# Help!



## DiamondK (Aug 27, 2012)

So, I own a 2006 Chevy Silverado 2500, BUT it's got a 6" lift. And I love to hate my lift. Anyways, I've been pulling a 3 horse BP behind it fine. But, I'm looking into upgrading my trailer, and all I really want is a gooseneck. I can't see spending the money on a trailer that I don't really want (BP). Most of me thinks this can't happen; that my truck is to big, but I wanted to toss it out there and see if anyone has run into my same issue?


----------



## Darrin (Jul 11, 2011)

DiamondK said:


> So, I own a 2006 Chevy Silverado 2500, BUT it's got a 6" lift. And I love to hate my lift. Anyways, I've been pulling a 3 horse BP behind it fine. But, I'm looking into upgrading my trailer, and all I really want is a gooseneck. I can't see spending the money on a trailer that I don't really want (BP). Most of me thinks this can't happen; that my truck is to big, but I wanted to toss it out there and see if anyone has run into my same issue?
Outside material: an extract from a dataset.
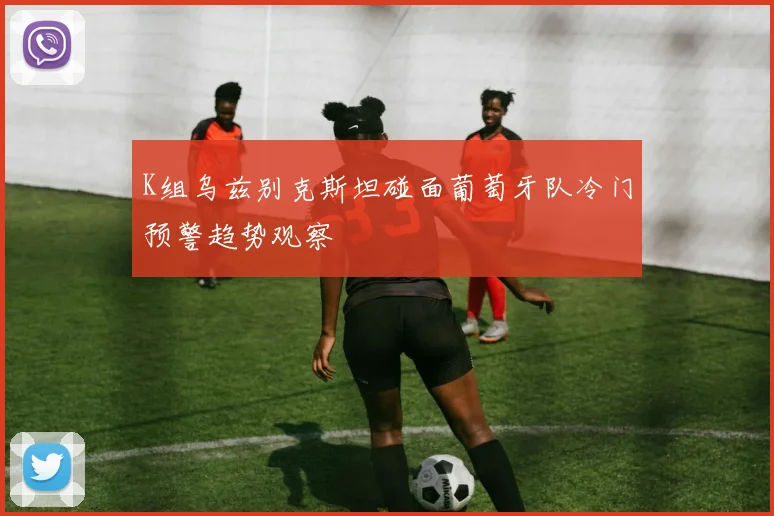 K组乌兹别克斯坦碰面葡萄牙队冷门预警趋势观察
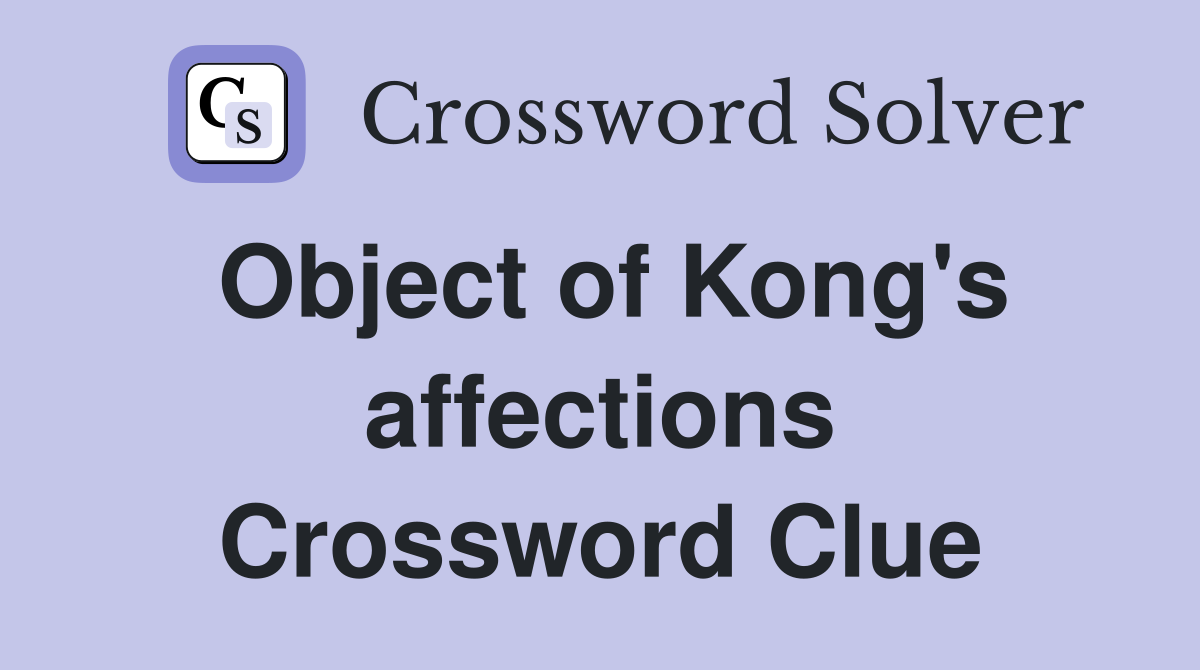 Object of Kong's affections Crossword Clue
Well, you've got a problem all right. Basically you either have to reverse your 6" lift to stock height or get a different rig to haul with. Honestly I also don't recommend hauling a BP on a 6" lift either but you can get away with it until you don't.


----------



## Phly (Nov 14, 2012)

Depending on your over all height, most goose neck trailers are adjustable.
_Posted via Mobile Device_


----------



## Darrin (Jul 11, 2011)

Phly said:


> Depending on your over all height, most goose neck trailers are adjustable.
> _Posted via Mobile Device_


They are adjustable but if you lift the nose to high in the air it can end up being a bear to tow.


----------



## Tessa7707 (Sep 17, 2012)

Darrin said:


> They are adjustable but if you lift the nose to high in the air it can end up being a bear to tow.


Not to mention dangerous and hard on the horses. I'm running into the same problem right now, to a lesser degree. I have an F-350 at stock height, but it's still too tall. My gooseneck is not adjustable. I'm going to put new leaf springs on my trailer and get tires that are a little bit bigger. That should be enough for me. I don't know about for you. 6" is a lot. I'm concerned about the horses having to step really high to get out of the trailer. I guess a ramp would help solve that but I've never been a huge fan of them. 
So, maybe modding your new trailer will be the ticket?


----------



## Tessa7707 (Sep 17, 2012)

You know what I just thought of... I'm not sure whether you want to, but swapping out your bed for a flat-bed would allow you to lower the front of the gooseneck without hitting bed rails. You might not want to do that, just brainstorming. That would be a huge project.


----------